**Input**
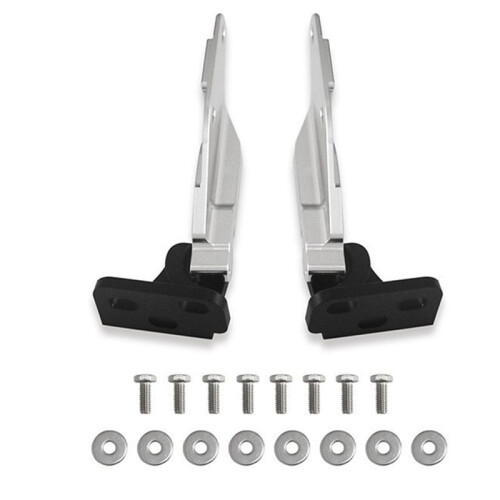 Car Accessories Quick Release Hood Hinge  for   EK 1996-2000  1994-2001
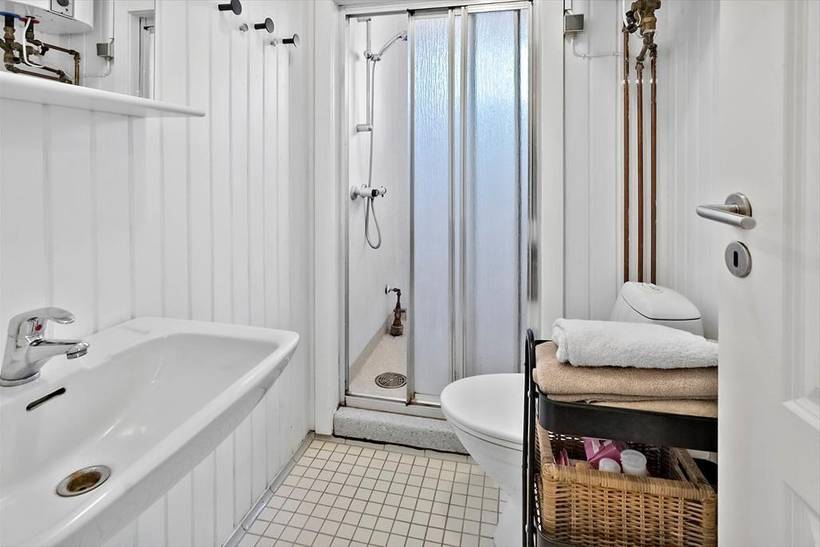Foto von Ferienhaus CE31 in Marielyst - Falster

==

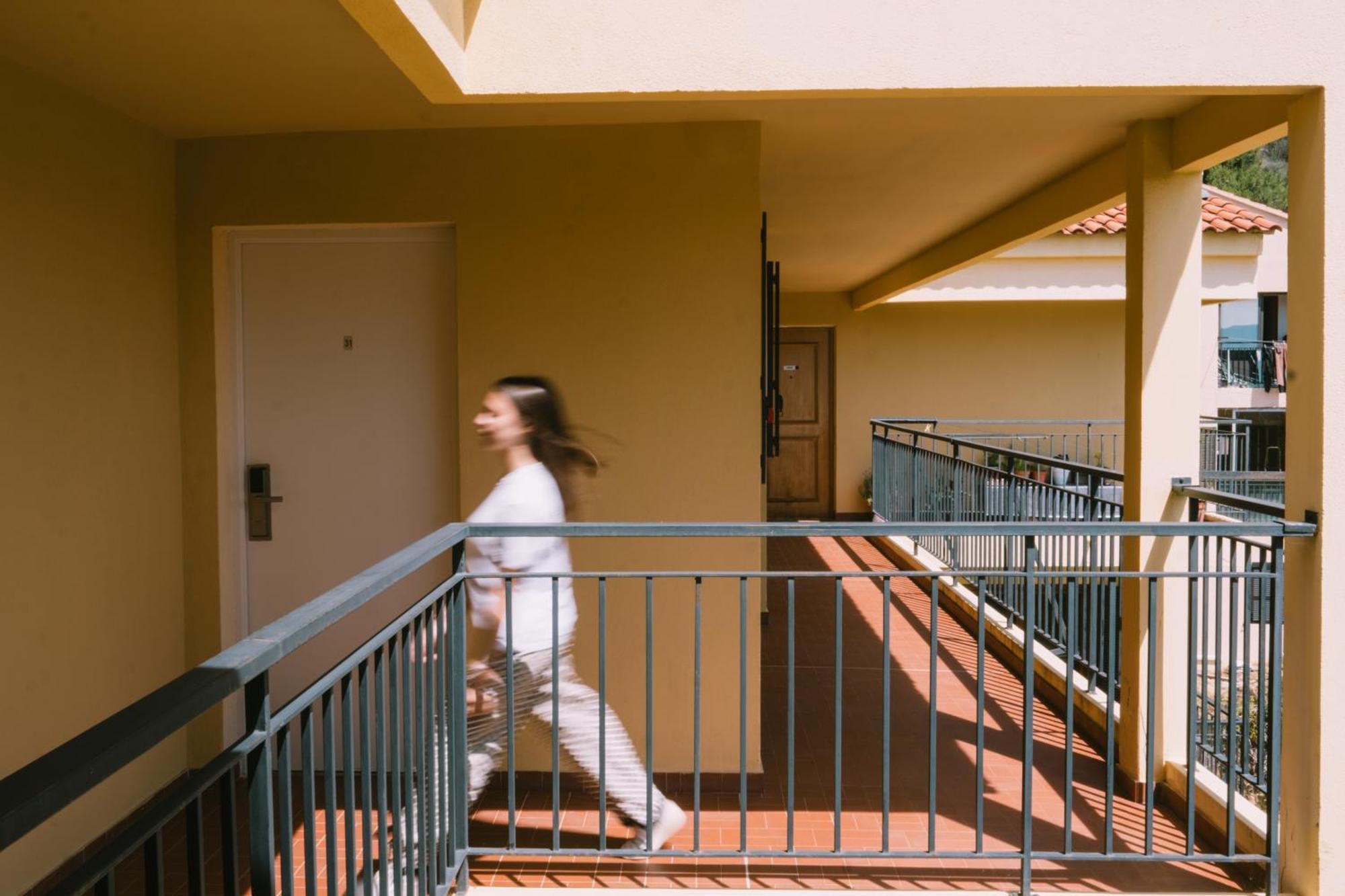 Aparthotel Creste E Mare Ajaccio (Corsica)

...

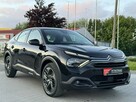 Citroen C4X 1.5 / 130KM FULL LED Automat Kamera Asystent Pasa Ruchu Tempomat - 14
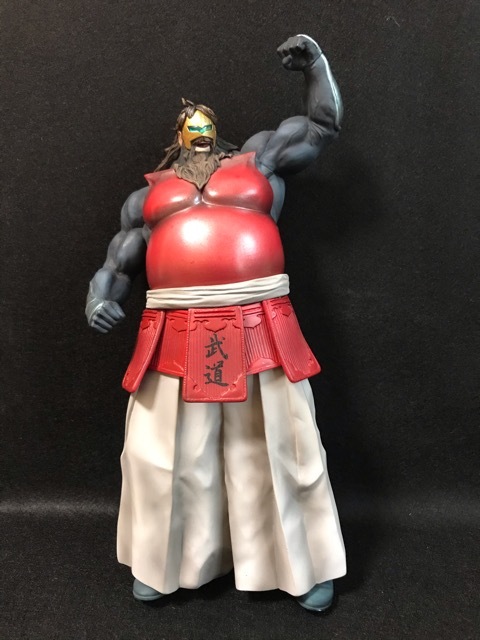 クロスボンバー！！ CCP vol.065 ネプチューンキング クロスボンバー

**The problem**
Reproduce the data above exactly, but only from the line containing "Car Accessories Quick" through the line containing "Foto von Ferienhaus"; skip the pictures.

**Exercise answer**
 Car Accessories Quick Release Hood Hinge  for   EK 1996-2000  1994-2001
Foto von Ferienhaus CE31 in Marielyst - Falster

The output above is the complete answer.